Подошёл к иконам, помолился и прочёл разрешительную молитву.
– Где же она, батюшка? – спросила я.
– На севере. Запомните день и час. Приедет – спросим.
И впрямь через полгода приехала Пелагея и рассказала, как горько плакала в тот час, прося старца разрешить грехи.
Помню, часто посещала его одна старушка. Раз пришла вся в слезах и говорит:
– Измучилась я, батюшка, с Павлушей, не знаю, что и делать. Опустился на нет, в грехи тяжкие впадает. В церковь не ходит, Бога не чтит, никаких таинств не признаёт, родителей в грош не ставит, обижает, пьёт, курит, кутит с разными женщинами, над моими уговорами насмехается. Уж ночей не сплю, глаз не осушаю – гибнет сын. Что его ждёт в вечности – страшно подумать. Верь-не верь – а отчёт дать придётся. По матерному ругаться стал, а чёрное слово употребляет постоянно. Покойный батюшка отец Аристоклий говорил, нет худшего оскорбления для Господа и Царицы Небесной, если кто ругается этим словом.
Батюшка утешал её, давал советы, но Павел продолжал своё. Однажды мать насильно привела его к батюшке, но он только нагрубил ему, и всё осталось по-прежнему.
Батюшка прилежно молился о нём. Однажды встретился нам Павел на улице, батюшка заговорил с ним, тот грубо оборвал, сунув ему рубль:
– На, заткни свой целовальник и больше не приставай?
Батюшка принял рубль как сокровище и тотчас раздал нищим. Попросил их помолиться и сам часто говорил вслух: «Господи, Царица Небесная, откройте, что надо сделать, чтоб не погибла душа Павла?»
И открыл ему Господь, что покается Павел, если назначить ему день смерти. Жаль было батюшке мать, молил он Господа как-нибудь иначе исправить Павла, но ответ был тот же.

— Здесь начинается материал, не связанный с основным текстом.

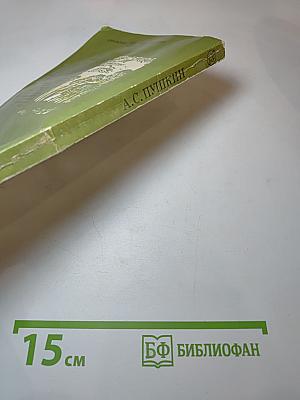 Повести Белкина. Дубровский. Капитанская дочка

И когда старушка опять пришла с обычными жалобами, батюшка ей сказал: "Если хочешь спасения сыну, согласись на то, что я назначу ему день смерти – ровно через год. Тогда и опомнится: покается, причастится и умрёт христианином. Иного пути нет".
Долго не соглашалась старушка, но время шло, Павел становился всё хуже, и мать согласилась. Сказала сыну. Тот, конечно, внимания не обратил. Но подошёл срок, заболел он сыпным тифом, одумался, позвал священника, исповедался, причастился и, простившись со всеми, умиротворённый отошёл в вечность. Когда старушка пришла к нам, батюшка уже служил по нему панихиду.
9
Когда батюшка слёг и надежды на выздоровление не осталось, стал он готовиться к исходу. Ему было даже возвещено, что на днях он умрёт.
Прочёл он себе отходную. Еле слышно пропел пасхальный канон и вдруг говорит:
– Катя, чует моё сердце, зачем-то понадобился я другу моему, владыке Трифону. Вызову-ка его к себе, пусть объяснит, в чём дело. Взял чётки и говорит: – Пусть чётки телефоном станут. Друже Трифоне, собрался я помирать, а сердце говорит, что я тебе нужен. Так приди, объясни, в чём дело.
Я усмехнулась:
– И охота вам, батюшка, юродствовать, чётки телефоном называть, ребёнка из себя разыгрывать? Да коль и позвали бы вы к себе митрополита Трифона, он бы не поехал.
– Увидим.
Через полчаса и впрямь приехал посланный от митрополита предупредить, что сейчас будет владыка. Трогательное было их свидание.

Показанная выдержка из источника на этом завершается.